Gesetzlich geregelt ist die Selbstanzeige in § 371 AO. Eine strafbefreiende Selbstanzeige ist  in Fällen der vorsätzlichen Steuerhinterziehung nach § 370 AO möglich, nicht hingegen bei anderen Steuerstraftaten, wie z.B. der Steuerhehlerei § 374 AO.Die unberechtigte Inanspruchnahme der Eigenheimzulage fällt nicht unter den Tatbestand der Steuerhinterziehung, sondern stellt ein Betrugsdelikt dar. Eine Selbstanzeige für die Eigenheimzulage ist daher nicht möglich.

2. Welche Angaben muss eine Selbstanzeige enthalten?

Die Selbstanzeige muss eine Punktlandung sein. Aus Unkenntnis und Zeitdruck – weil sich der Betriebsprüfer angekündigt hat oder das Finanzamt ein bisher nicht offen gelegtes Bankkonto durch Kontenabfragen gefunden hat und um Aufklärung bittet – wird oft ein Schreiben mit der allgemeinen Ankündigung losgeschickt, dass in Kürze weitere Informationen zu einem bestimmten kurz angerissenen oder dargestellten Thema folgen. Dies ist nicht ausreichend und führt vielmehr zu dem gefürchteten Eigentor. Dem Finanzamt ist damit ein steuerstrafrechtlicher Sachverhalt bekannt. Es nimmt Ermittlungen auf und schaltet die Steuerfahndung ein, welche sogleich ein Strafverfahren einleitet. Damit kann die strafbefreiende Wirkung mit der späteren Selbstanzeige nicht mehr erreicht werden, da ein so genannter Sperrtatbestand als Ausschlussgrund (siehe unten 6.) vorliegt.

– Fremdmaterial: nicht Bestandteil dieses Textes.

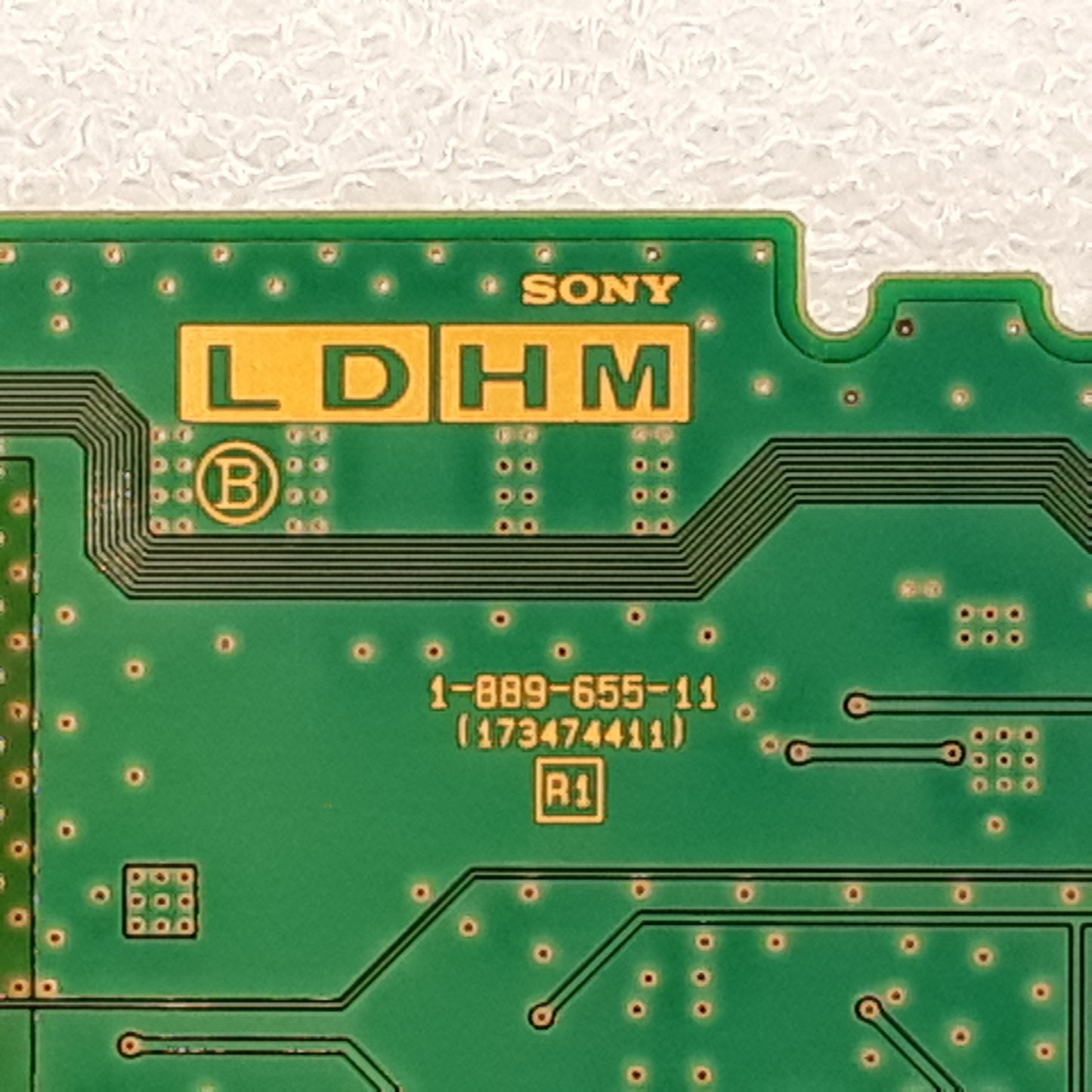 Carte d'alimentation 1-889-655-11 pour Télé SONY  KDL-48W605B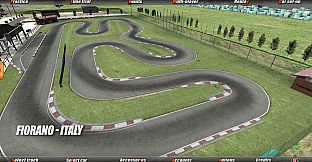 VRC PRO European On-road tracks Deluxe
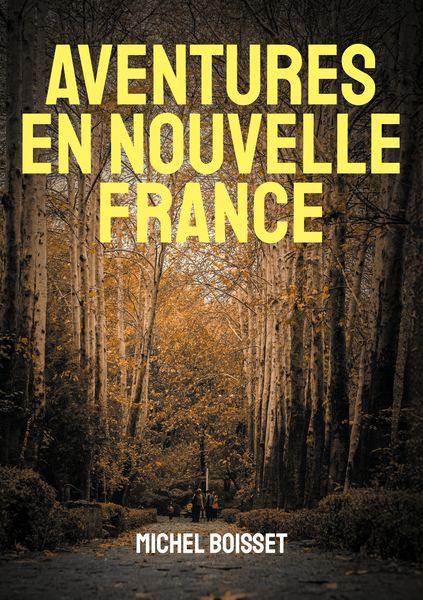 Produktbild: Aventures en nouvelle France
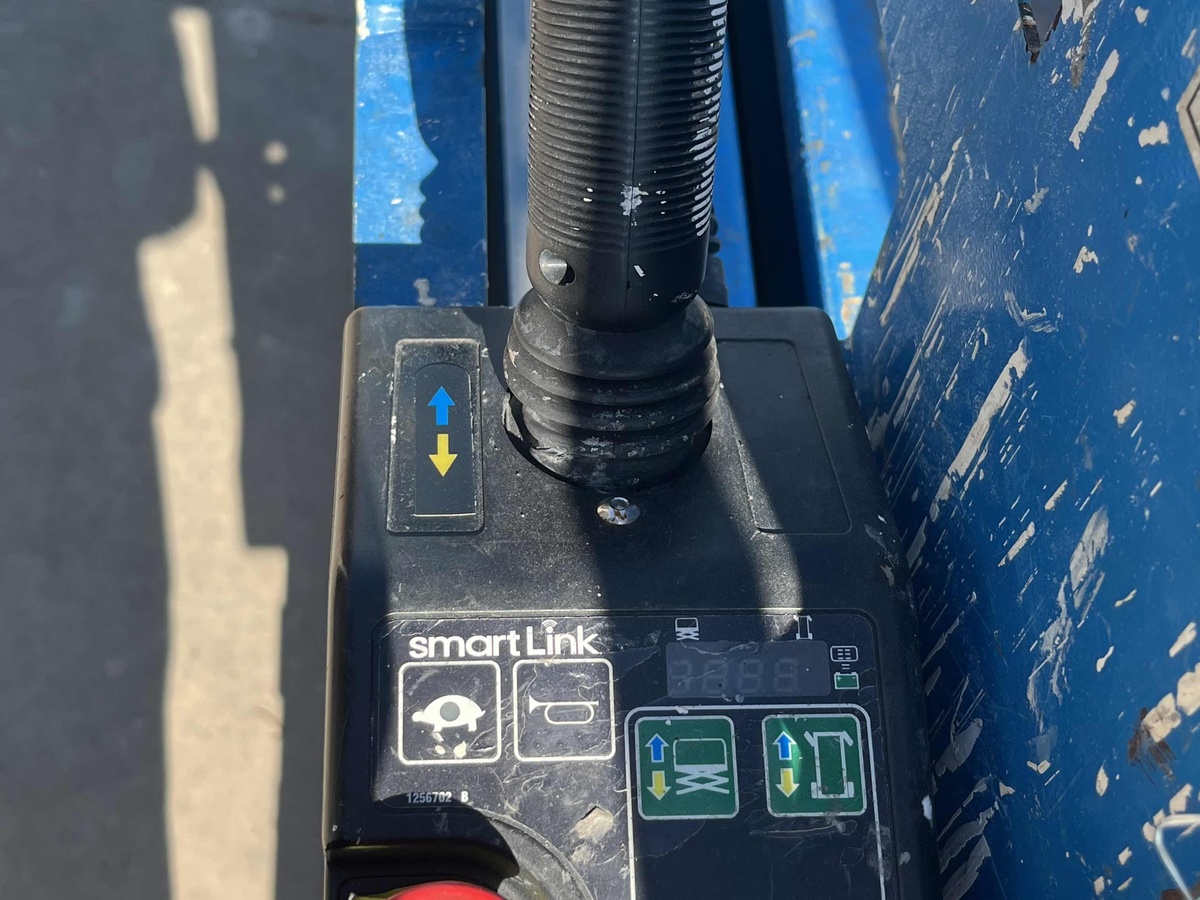 2018 Genie GS-1930-6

Eine Selbstanzeige ist wirksam, wenn das Finanzamt aufgrund der Angaben in der Lage ist, die Steuern nachträglich durch geänderten Steuerbescheid zu erheben und eine bereits erfolgte Veranlagung zu berichtigen:

Die Selbstanzeige muss daher möglichst klare und vollständige Angaben über die Besteuerungsgrundlagen, z.B. die bisher nicht erklärten Zinsen oder Betriebseinnahmen, aufgeschlüsselt nach Veranlagungszeiträumen enthalten. Ferner sollte bedacht werden, ob etwaige private Veräußerungsgeschäfte nach § 23 EStG a.F. getätigt wurden. Bei Kapitalanlagen in Fonds ist ferner zu prüfen, ob eine „Strafbesteuerung“ nach dem Investmentsteuergesetz Anwendung findet. Die steuerliche Beurteilung der nacherklärten Sachverhalte erfolgt durch das Finanzamt.

Soweit vorhanden, sollten die entsprechenden Belege und Nachweise beigefügt werden. Möglich ist es jedoch auch, diese unter Fristankündigung nachzureichen.

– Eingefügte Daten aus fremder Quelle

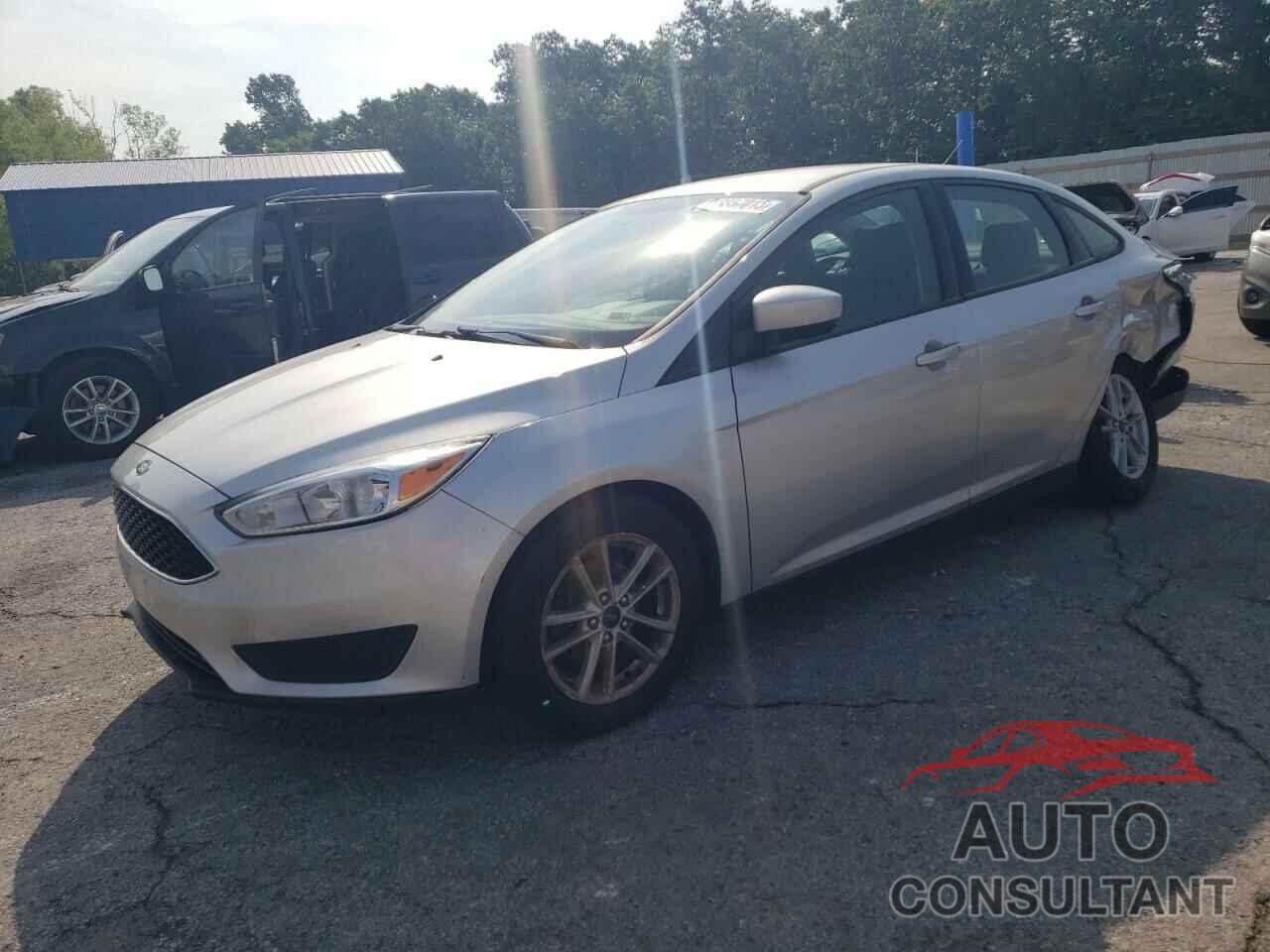 FORD FOCUS 2018 - 1FADP3F25JL215404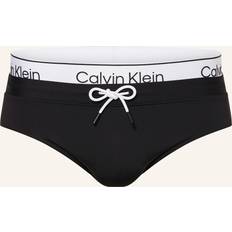 Man - Speedos Swimming Trunks Calvin Klein Swimwear Badehose KM0KM00959 Schwarz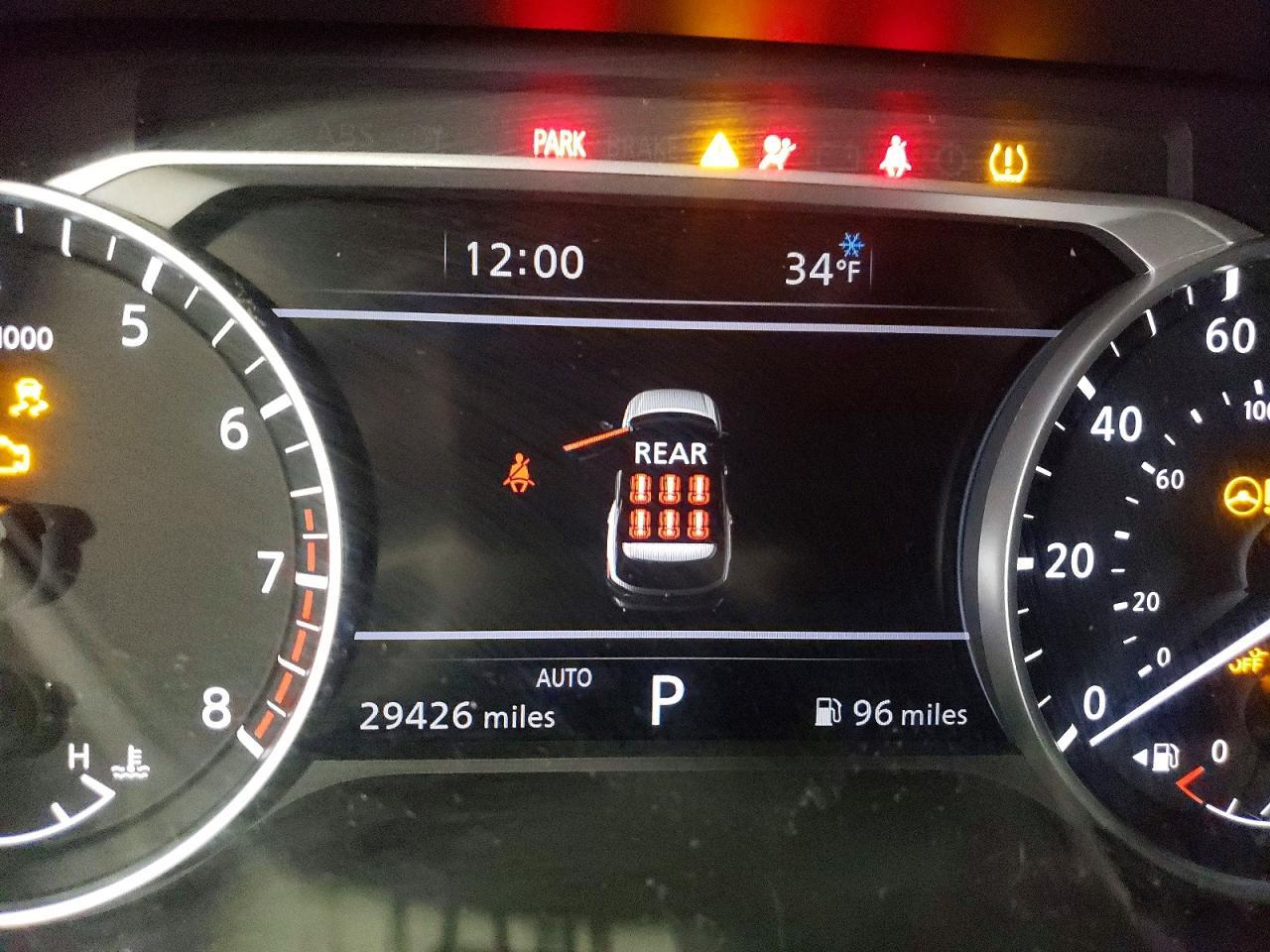 2024 NISSAN PATHFINDER
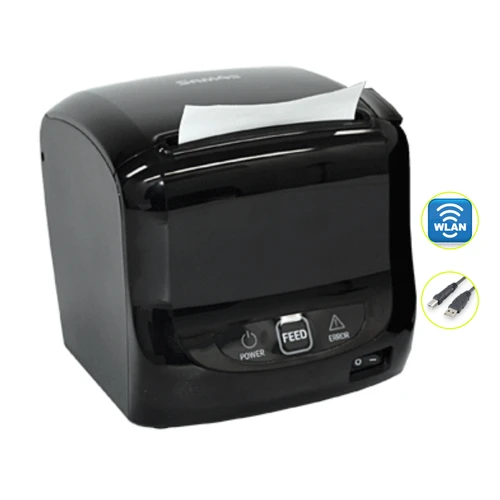 GT-100 THERMAL POS USB/WIFI I/F BLK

Die Selbstanzeige muss vom Steuerpflichtigen oder von seinem dazu bevollmächtigten Steuerberater / Rechtsanwalt unterzeichnet sein.

In den Fällen, in denen die genauen Besteuerungsgrundlagen nicht angegeben werden können, weil kein Zahlenmaterial vorhanden ist, Unterlagen fehlen oder Zeitmangel – z.B. aufgrund einer bevorstehenden Betriebsprüfung – herrscht, kann eine wirksame Selbstanzeige wie folgt abgegeben werden. Zunächst kann eine begründete Schätzung der Besteuerungsgrundlagen aufgeschlüsselt nach Veranlagungszeiträumen abgegeben werden. Diese Schätzung sollte nicht zu niedrig sein, da nur in ihrem Umfang Straffreiheit eintreten kann. Später können die Werte unter Vorlage der Unterlagen - notfalls auch im Einspruchsverfahren – nach unten korrigiert werden. Nach oben kann eine straffreie Korrektur nur bis ca. 10% der erklärten Werte erfolgen.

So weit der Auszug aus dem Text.